Thursday, April 9, 2009

Is It Ever OK To Swear?

For the past couple of years I've been reading books by Mark Driscoll and watching some of his messages on the internet. For the most part, everything he's said/taught/preached has been right on (I particularly enjoyed his take on "The Shack," and I thought he did a fantastic job in the "Does Satan Exist" debate), and I especially appreciate his reformed view of theology and ministry. I've read a couple of his books and have found them to be helpful and fun.

A couple weeks ago, though, I watched this message by Driscoll on a verse from 1 Peter (I can't remember which verse it was) about what it means to be a biblical man. Again, I thought he was right on, docrtinally, and he was funny and engaging. I thought he had a lot to say about what it means to be a man biblically, except there was one point at the end of his message that pretty much skewed everything else he had said (at least in my mind it did). In a moment of just anger and intensity, Driscoll swore.

I've known that Driscoll has had issues with his language, but I had never heard him swear in any of his messages, books, or speaking engagements until now. I also know that Driscoll has had to apologize and "repent" of his foul mouth on many, many occasions. I assume his reasoning for swearing (at least in the message I saw) was that this issue was important enough, and he was so righteously indignant about men shirking their biblical responsibility to be a godly man, that he thought the situation warranted a curse word, if for no other reason than to express his seriousness about the topic.

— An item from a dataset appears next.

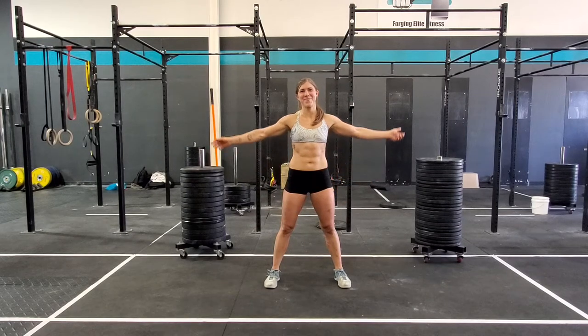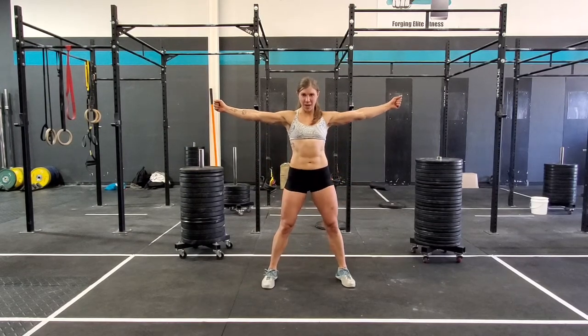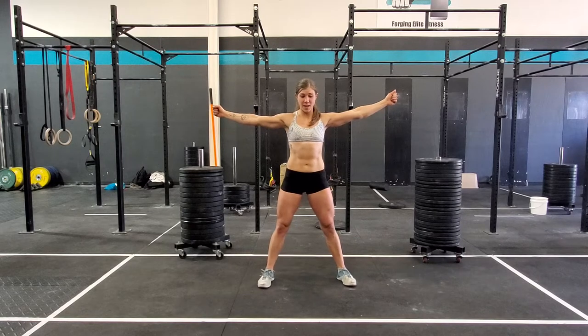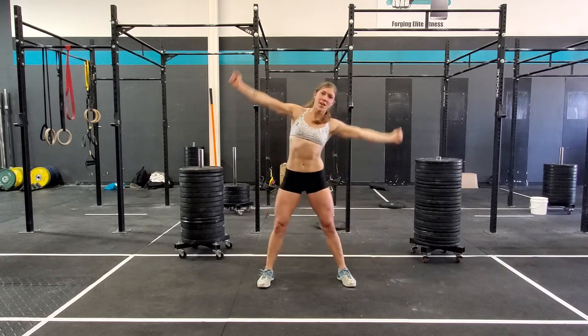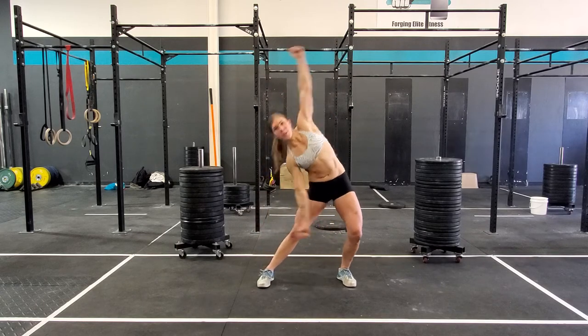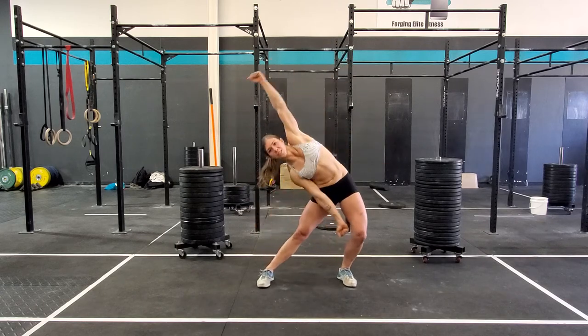Call this one the Magic School Bus. Arms are going to be super wide, reaching out to the side. Move your hip to the side, go to inside your knee, and then alternate sides. Keeping your core nice and tight, you should feel a stretch along your side body.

Swearing and vulgarity have become increasingly permissible in many Christian circles for a variety of reasons. But mostly, I think a lot of people think that swearing is permissible if they get "angry enough," or for dramatic effect. Is that really OK though? To tell you the truth, I personally thought that Driscoll's use of swearing severely damaged his credibility when it came to the content of the rest of his message (one of his main points was that mistreating and using women was a severe cop-out when it comes to biblical manhood, a shirking of one's responsibility). When Driscoll swore in his message, I found myself asking if a "real, biblical man" would really need to swear in making his point. I think it shows at least some kind of immaturity to not be able to express truth (especially biblical truth) without using vulgarity.

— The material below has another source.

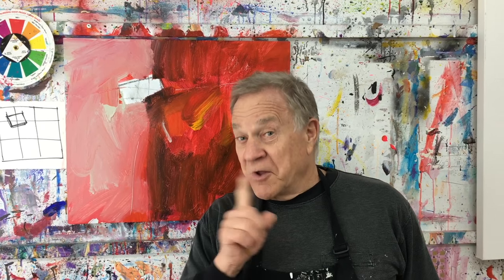Hi there and welcome back to another Bob Blast. I'm Bob Burridge and this one is a continuation of last week's demo number 80. There are many ways to start a painting and I was telling you last week this is what works for me.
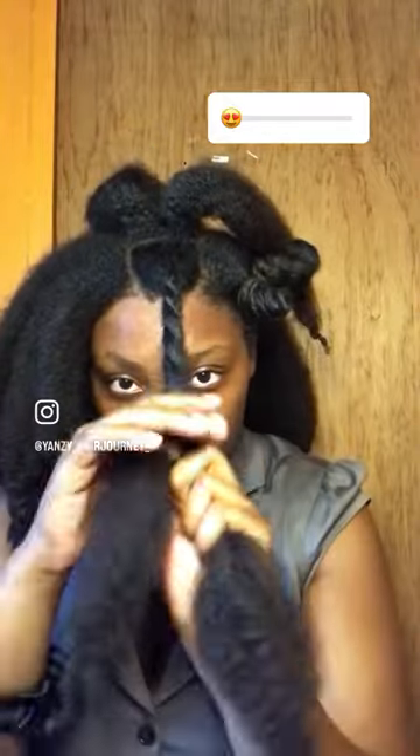This is how I achieve this voluminous and fluffy bantu knot out. First I add some oil onto my strands and smooth in the oil onto my strands. Then I go ahead and create a chunky twist, after which I wrap my hair around itself to create this amazing bantu knot.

Cut to today. Phil Johnson posted this on his facebook page: it's an article on swearing by Eric Pement. He offers seven common "reasons" (it's probably more accurate to call them justifications) for swearing, and why they don't work when compared to scripture. He finds the seven most common reasons for swearing are:

1. To "relate" to the rest of the world.

2. To avoid hypocrisy (for instance, if a person thinks a swear word, they might as well say it - thus, to think about swearing but not actually swearing is supposedly hypocritical).

3. To break religious/Christian stereotypes.

4. Pressure, suffering, or persecution.

5. Because the words aren't bad - the intention behind them is what could be considered sin.

6. Because the Bible doesn't prohibit swearing - just slander, gossip, blasphemy, etc.

7. Because some "swear" words are in the Bible.

Pement goes on to explain why none of these are valid justifications for using filthy talk. I highly recommend the article to you.